What to work on: What you give back should match the entries below character for character.

Data to examine:
◇ ◇ ◇ ◇

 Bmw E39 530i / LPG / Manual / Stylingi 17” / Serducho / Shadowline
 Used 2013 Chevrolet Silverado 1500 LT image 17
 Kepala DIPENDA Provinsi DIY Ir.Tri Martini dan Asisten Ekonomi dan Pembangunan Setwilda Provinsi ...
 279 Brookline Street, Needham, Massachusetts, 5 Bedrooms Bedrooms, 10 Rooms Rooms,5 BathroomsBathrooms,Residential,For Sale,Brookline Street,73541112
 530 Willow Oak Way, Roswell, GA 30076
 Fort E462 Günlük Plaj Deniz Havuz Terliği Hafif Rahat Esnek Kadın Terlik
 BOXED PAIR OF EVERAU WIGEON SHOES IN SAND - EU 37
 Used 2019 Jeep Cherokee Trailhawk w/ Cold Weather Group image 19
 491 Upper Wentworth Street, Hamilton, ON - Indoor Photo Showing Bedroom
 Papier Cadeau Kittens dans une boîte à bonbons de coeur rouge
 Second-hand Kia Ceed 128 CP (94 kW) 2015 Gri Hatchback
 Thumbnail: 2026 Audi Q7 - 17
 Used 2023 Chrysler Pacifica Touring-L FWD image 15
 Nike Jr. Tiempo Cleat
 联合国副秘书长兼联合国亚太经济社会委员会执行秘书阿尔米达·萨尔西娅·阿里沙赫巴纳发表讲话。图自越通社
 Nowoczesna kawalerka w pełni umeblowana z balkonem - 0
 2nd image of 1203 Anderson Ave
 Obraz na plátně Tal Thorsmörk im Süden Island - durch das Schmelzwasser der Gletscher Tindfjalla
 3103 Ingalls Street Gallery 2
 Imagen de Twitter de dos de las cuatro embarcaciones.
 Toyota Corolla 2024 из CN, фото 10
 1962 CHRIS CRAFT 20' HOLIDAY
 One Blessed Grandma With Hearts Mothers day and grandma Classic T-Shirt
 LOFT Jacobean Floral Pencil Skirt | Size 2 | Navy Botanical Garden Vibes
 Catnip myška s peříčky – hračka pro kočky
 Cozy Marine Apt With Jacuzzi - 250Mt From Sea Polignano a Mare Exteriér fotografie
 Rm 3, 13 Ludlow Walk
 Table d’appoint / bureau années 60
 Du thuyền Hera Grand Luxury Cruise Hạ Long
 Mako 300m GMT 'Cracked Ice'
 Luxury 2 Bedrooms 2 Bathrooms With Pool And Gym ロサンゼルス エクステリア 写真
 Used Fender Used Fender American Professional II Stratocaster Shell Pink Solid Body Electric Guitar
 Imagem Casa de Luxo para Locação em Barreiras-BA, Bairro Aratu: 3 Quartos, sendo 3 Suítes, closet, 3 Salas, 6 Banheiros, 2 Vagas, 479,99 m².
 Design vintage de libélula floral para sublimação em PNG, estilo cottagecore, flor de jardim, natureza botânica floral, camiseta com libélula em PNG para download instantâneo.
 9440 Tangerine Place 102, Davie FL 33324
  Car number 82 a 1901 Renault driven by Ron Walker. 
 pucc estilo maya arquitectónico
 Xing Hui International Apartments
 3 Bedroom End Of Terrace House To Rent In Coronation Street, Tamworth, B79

◇ ◇ ◇ ◇

Expected output:
 Bmw E39 530i / LPG / Manual / Stylingi 17” / Serducho / Shadowline
 Used 2013 Chevrolet Silverado 1500 LT image 17
 Kepala DIPENDA Provinsi DIY Ir.Tri Martini dan Asisten Ekonomi dan Pembangunan Setwilda Provinsi ...
 279 Brookline Street, Needham, Massachusetts, 5 Bedrooms Bedrooms, 10 Rooms Rooms,5 BathroomsBathrooms,Residential,For Sale,Brookline Street,73541112
 530 Willow Oak Way, Roswell, GA 30076
 Fort E462 Günlük Plaj Deniz Havuz Terliği Hafif Rahat Esnek Kadın Terlik
 BOXED PAIR OF EVERAU WIGEON SHOES IN SAND - EU 37
 Used 2019 Jeep Cherokee Trailhawk w/ Cold Weather Group image 19
 491 Upper Wentworth Street, Hamilton, ON - Indoor Photo Showing Bedroom
 Papier Cadeau Kittens dans une boîte à bonbons de coeur rouge
 Second-hand Kia Ceed 128 CP (94 kW) 2015 Gri Hatchback
 Thumbnail: 2026 Audi Q7 - 17
 Used 2023 Chrysler Pacifica Touring-L FWD image 15
 Nike Jr. Tiempo Cleat
 联合国副秘书长兼联合国亚太经济社会委员会执行秘书阿尔米达·萨尔西娅·阿里沙赫巴纳发表讲话。图自越通社
 Nowoczesna kawalerka w pełni umeblowana z balkonem - 0
 2nd image of 1203 Anderson Ave
 Obraz na plátně Tal Thorsmörk im Süden Island - durch das Schmelzwasser der Gletscher Tindfjalla
 3103 Ingalls Street Gallery 2
 Imagen de Twitter de dos de las cuatro embarcaciones.
 Toyota Corolla 2024 из CN, фото 10
 1962 CHRIS CRAFT 20' HOLIDAY
 One Blessed Grandma With Hearts Mothers day and grandma Classic T-Shirt
 LOFT Jacobean Floral Pencil Skirt | Size 2 | Navy Botanical Garden Vibes
 Catnip myška s peříčky – hračka pro kočky
 Cozy Marine Apt With Jacuzzi - 250Mt From Sea Polignano a Mare Exteriér fotografie
 Rm 3, 13 Ludlow Walk
 Table d’appoint / bureau années 60
 Du thuyền Hera Grand Luxury Cruise Hạ Long
 Mako 300m GMT 'Cracked Ice'
 Luxury 2 Bedrooms 2 Bathrooms With Pool And Gym ロサンゼルス エクステリア 写真
 Used Fender Used Fender American Professional II Stratocaster Shell Pink Solid Body Electric Guitar
 Imagem Casa de Luxo para Locação em Barreiras-BA, Bairro Aratu: 3 Quartos, sendo 3 Suítes, closet, 3 Salas, 6 Banheiros, 2 Vagas, 479,99 m².
 Design vintage de libélula floral para sublimação em PNG, estilo cottagecore, flor de jardim, natureza botânica floral, camiseta com libélula em PNG para download instantâneo.
 9440 Tangerine Place 102, Davie FL 33324
  Car number 82 a 1901 Renault driven by Ron Walker. 
 pucc estilo maya arquitectónico
 Xing Hui International Apartments
 3 Bedroom End Of Terrace House To Rent In Coronation Street, Tamworth, B79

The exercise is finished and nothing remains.